Legal help in this country is often prohibitively expensive or difficult to find.
Amid the revelations of the banking royal commission, many Australians are forced to stand up in courtrooms and represent themselves when they feel they have been wronged by a financial institution.
It’s a gruelling, confusing process. It requires enormous sacrifice. It’s prone to failure. Could you do it?
An unexpected $22,000 in fees
Lena Anderson bought a unit in Reservoir, in Melbourne’s north, in 2009.
In 2014, Bank of Melbourne (part of Westpac) paid what it said was an outstanding fee of $22,000 to Ms Anderson’s owners corporation, and added that debt to her loan, without telling her.
Lena Anderson fought a protracted dispute with Bank of Melbourne.

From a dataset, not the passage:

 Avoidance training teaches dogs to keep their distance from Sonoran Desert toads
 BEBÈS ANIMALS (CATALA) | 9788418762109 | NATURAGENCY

Ms Anderson considered the fee claim fraudulent because the owners corporation had already claimed some of that money back through insurance. She said the fact the bank paid it without her knowledge was “reprehensible”.
The bank refused to reverse the payment, and after first taking her claim to the Financial Ombudsman Service (FOS) she decided to stop paying her mortgage until the matter was investigated.
In 2015, the bank took her to court trying to get ownership of the unit.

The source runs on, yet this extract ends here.